START PROVIDED DATA
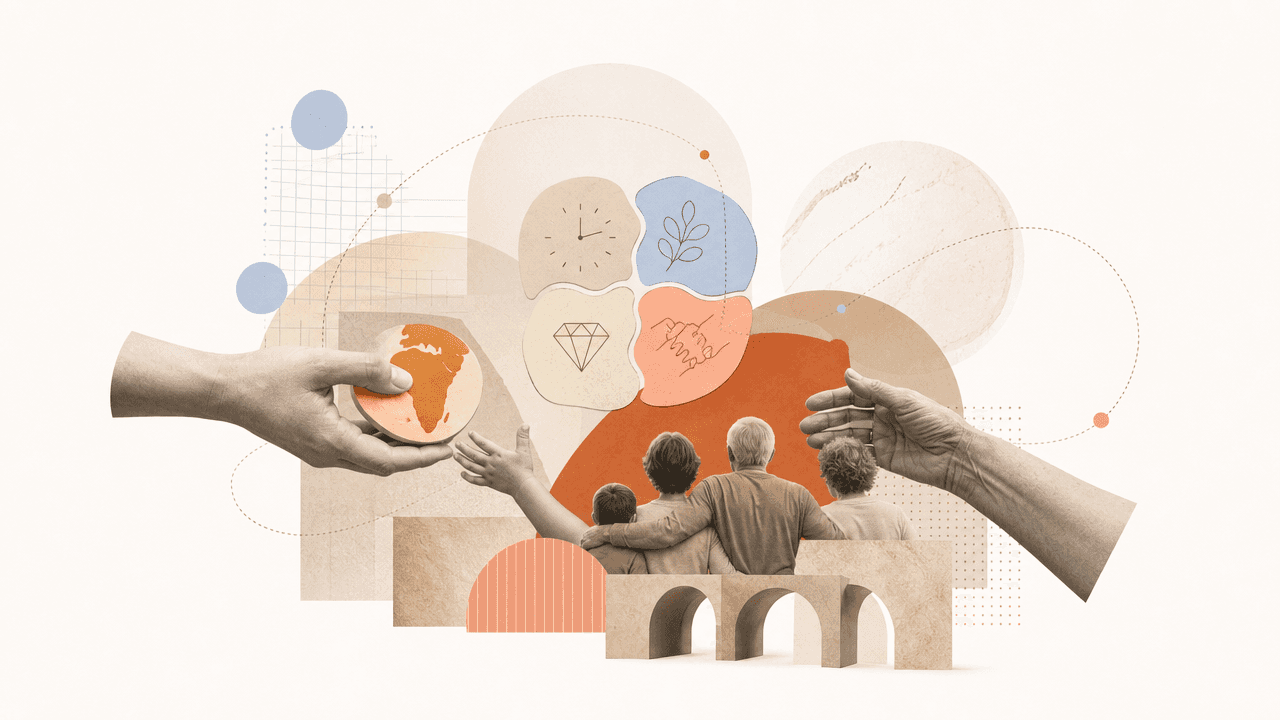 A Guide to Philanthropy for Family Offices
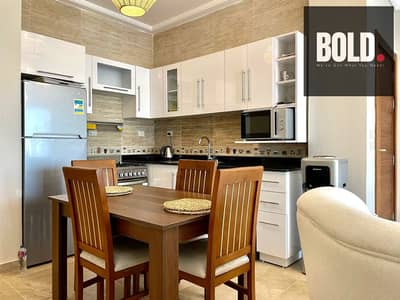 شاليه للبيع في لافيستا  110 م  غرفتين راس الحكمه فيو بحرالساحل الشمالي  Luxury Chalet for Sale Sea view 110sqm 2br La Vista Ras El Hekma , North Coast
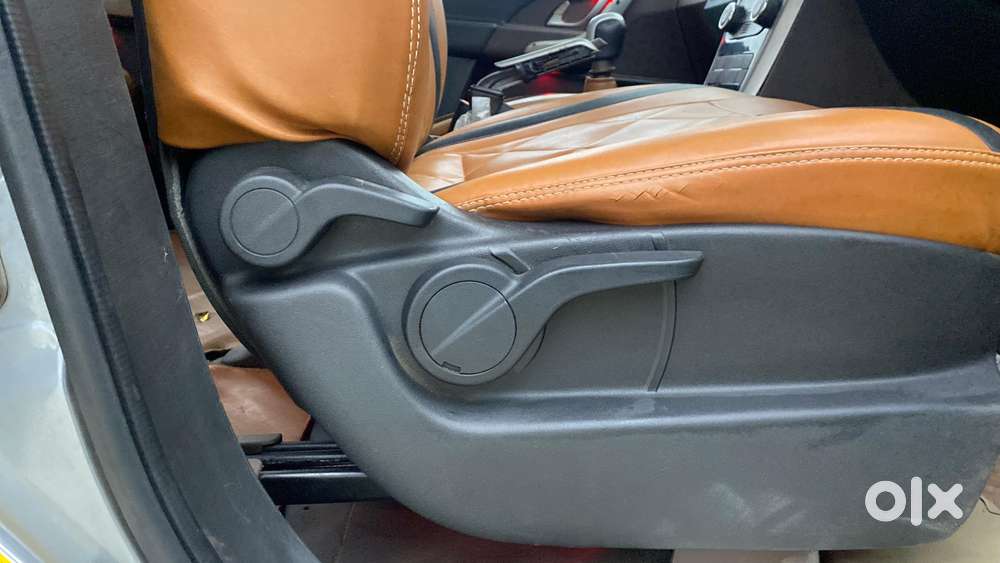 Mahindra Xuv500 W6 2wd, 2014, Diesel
END PROVIDED DATA
START PROVIDED DATA
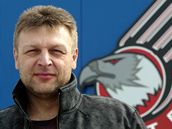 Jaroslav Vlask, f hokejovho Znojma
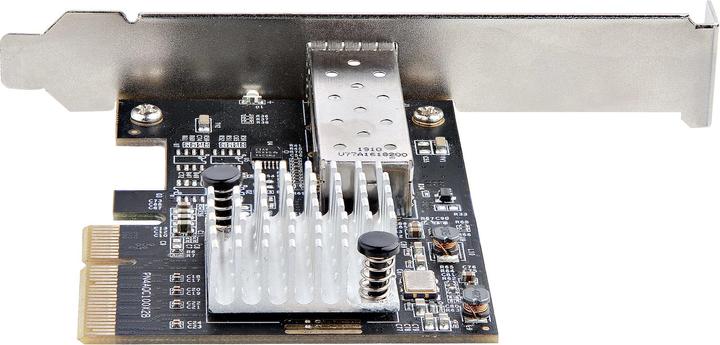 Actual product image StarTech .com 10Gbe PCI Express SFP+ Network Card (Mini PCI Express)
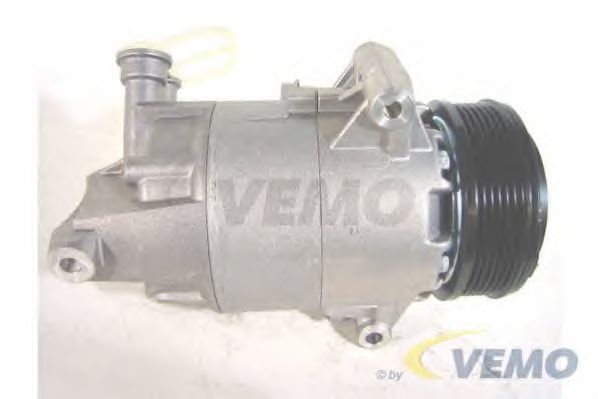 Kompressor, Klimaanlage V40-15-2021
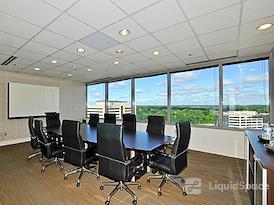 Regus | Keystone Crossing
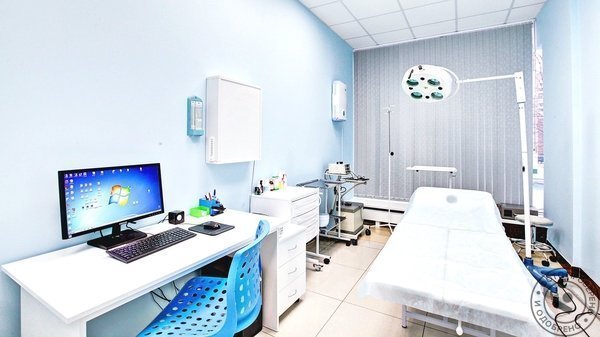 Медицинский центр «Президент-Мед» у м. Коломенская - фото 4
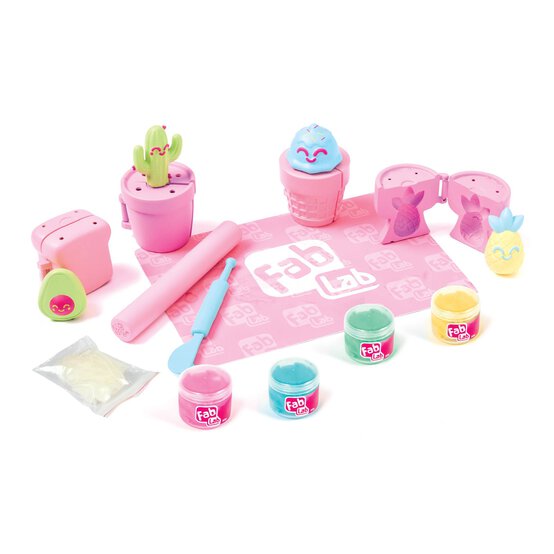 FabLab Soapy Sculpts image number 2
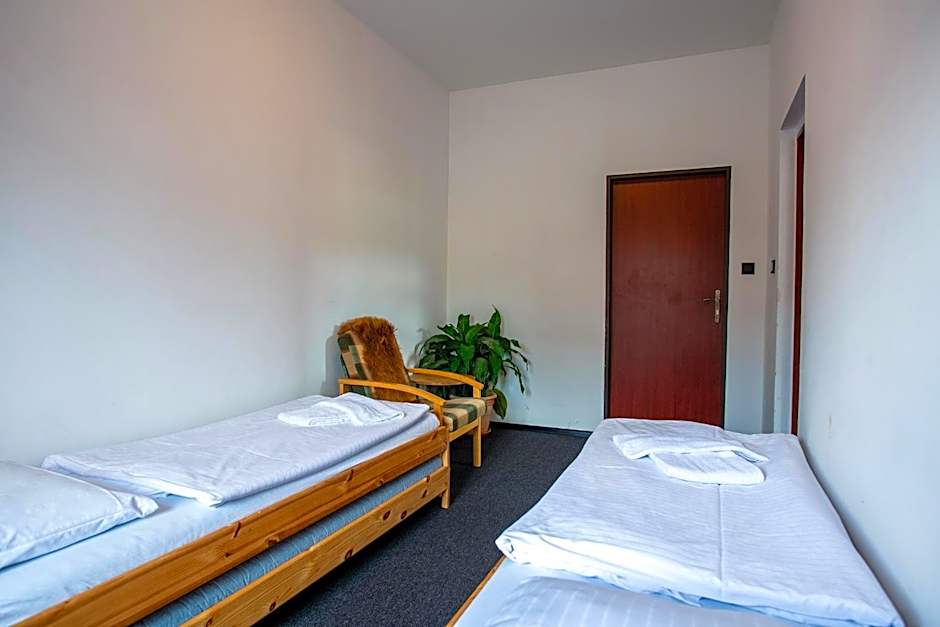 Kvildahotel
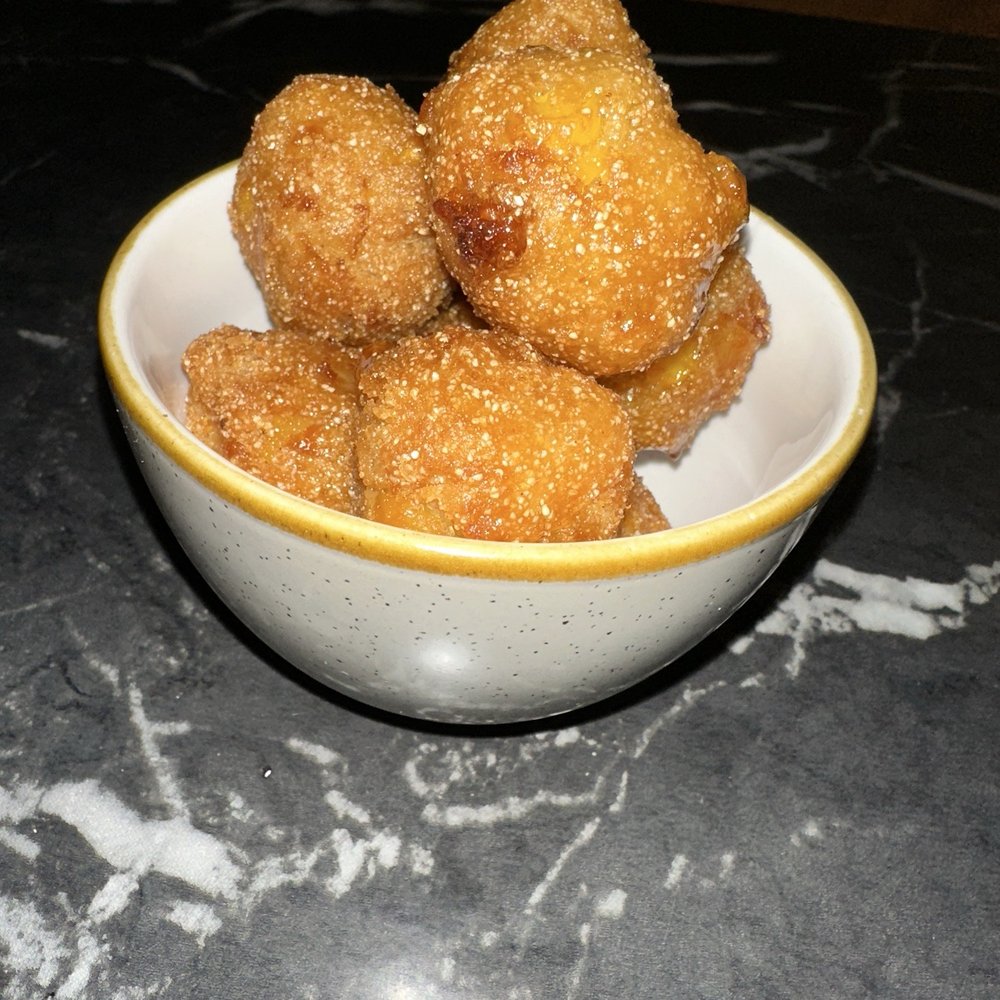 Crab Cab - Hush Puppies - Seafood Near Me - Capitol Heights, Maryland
END PROVIDED DATA
START PROVIDED DATA
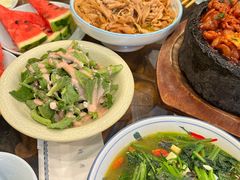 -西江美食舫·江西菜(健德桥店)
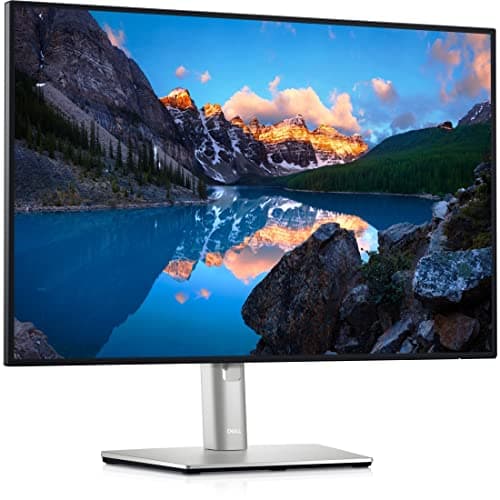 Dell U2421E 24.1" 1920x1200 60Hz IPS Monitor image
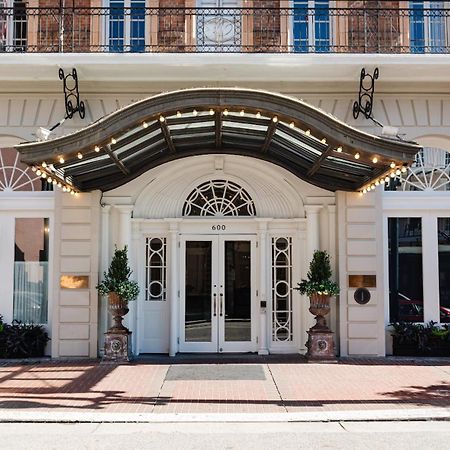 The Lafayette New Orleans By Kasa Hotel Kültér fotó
END PROVIDED DATA
*EXERCISE AIM*:
From the line holding "Коломенская - фото 4" to the line holding "Crab Cab - Hush", both included, retype the entries above exactly and drop the pictures.

*RESPONSE FOR THIS EXERCISE*:
 Медицинский центр «Президент-Мед» у м. Коломенская - фото 4
 FabLab Soapy Sculpts image number 2
 Kvildahotel
 Crab Cab - Hush Puppies - Seafood Near Me - Capitol Heights, Maryland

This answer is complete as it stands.